Hoynes, who states the two sides are trying to finish the deal before 2013 to avoid new tax ramifications, also reports that the sale of STO could be for anywhere between $200-250 million, and would increase the costs of the rights to air Indians games to an estimated $40 million. There is no way you can spin an extra $10 million as chump change, but according to Indians President and former GM Mark Shapiro, in today’s MLB, it’s worth only about a win in free agency. Don’t get the wrong idea—that win could absolutely mean the difference for a team that finished a game out of the playoffs. But the 2012 Indians weren’t that team, and $10 million isn’t enough to get crazy with the payroll. Honestly, this is probably just enough for the Dolans to recoup what they’ve put in to STO, as well as erase some of the losses they have suffered from investing in the Indians (Shapiro also refutes the oft-quoted Forbes “Business of Baseball” figure stating the Indians had a $30.1 million income in that same interview).
So don’t expect the team to go on a Dodgers-like spending spree. Although this could potentially lead to some flexibility in regards to player extensions or acquiring an already-signed player through trade, it’s not going to be enough to bring in a big-time free agent. However, since Dolan no longer has to operate both the Indians and STO, perhaps this will eventually help increase the baseball operations department’s finances. Hey, an extra $10 million a year sure can’t hurt.
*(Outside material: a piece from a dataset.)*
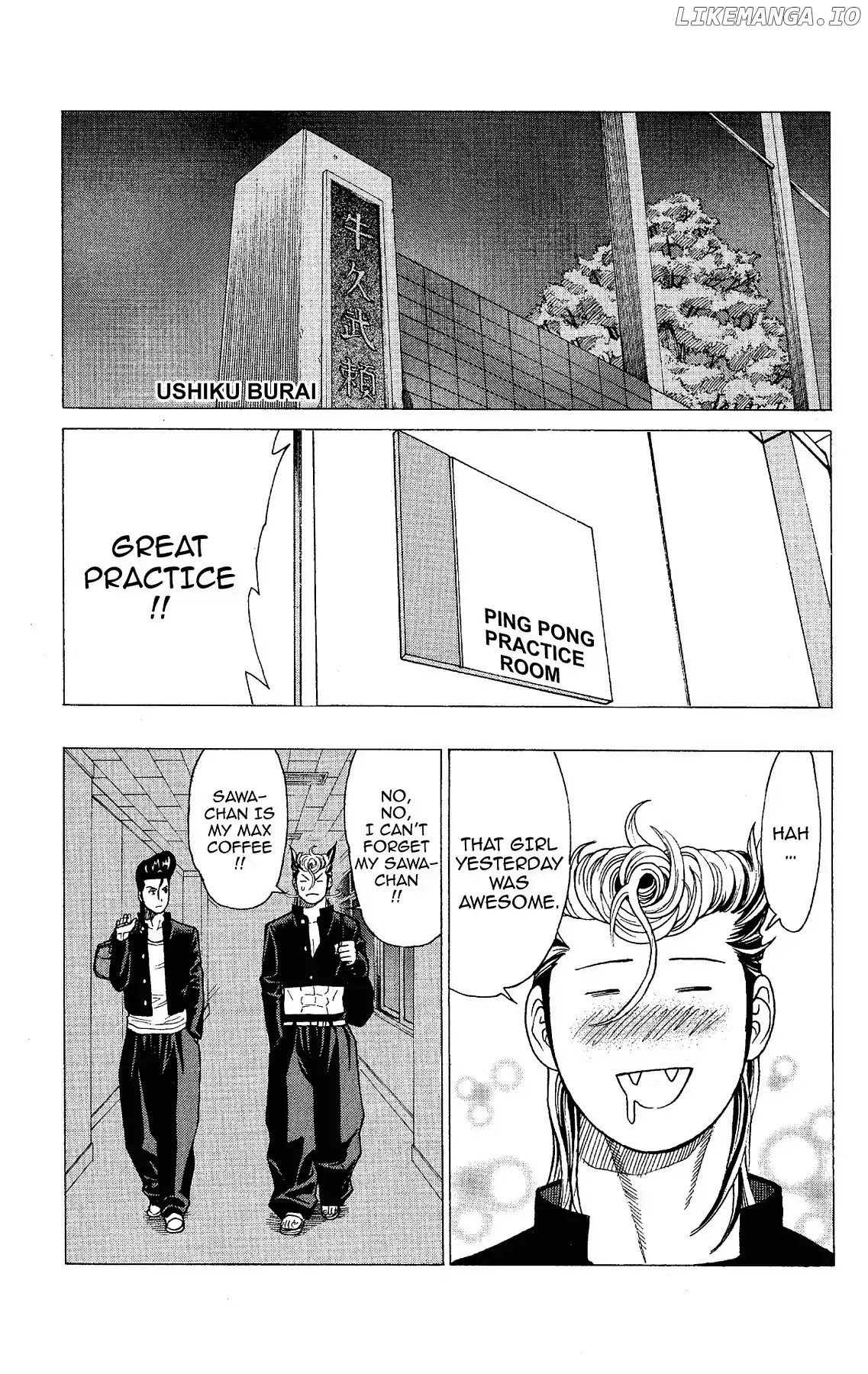 Takkyuu Dash!! chapter 13 - page 41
Hoynes mentions in his article that STO employs Indians TV broadcasters Rick Manning, Matt Underwood, and Al Pawlowski (among many other individuals), and that it’s uncertain how Fox Sports Ohio’s acquisition of STO would affect them. It’s unknown to anyone outside of Fox Sports Ohio how the network would use or integrate STO into its current network. Hopefully an agreement can be made to allow most, if not all STO employees to remain employed, but that’s going to be up to Fox Sports Ohio in the end.
I truly feel for anyone whose job or career may be affected by the sale of SportsTime Ohio, but the sale of the network could end up being a boon to the Indians baseball organization. For a cash-concerned organization, trying to squeeze the maximum value they can from the TV rights deal is an absolute necessity to survive in modern baseball. And hopefully, the extra money gained can be turned into a meaningful win.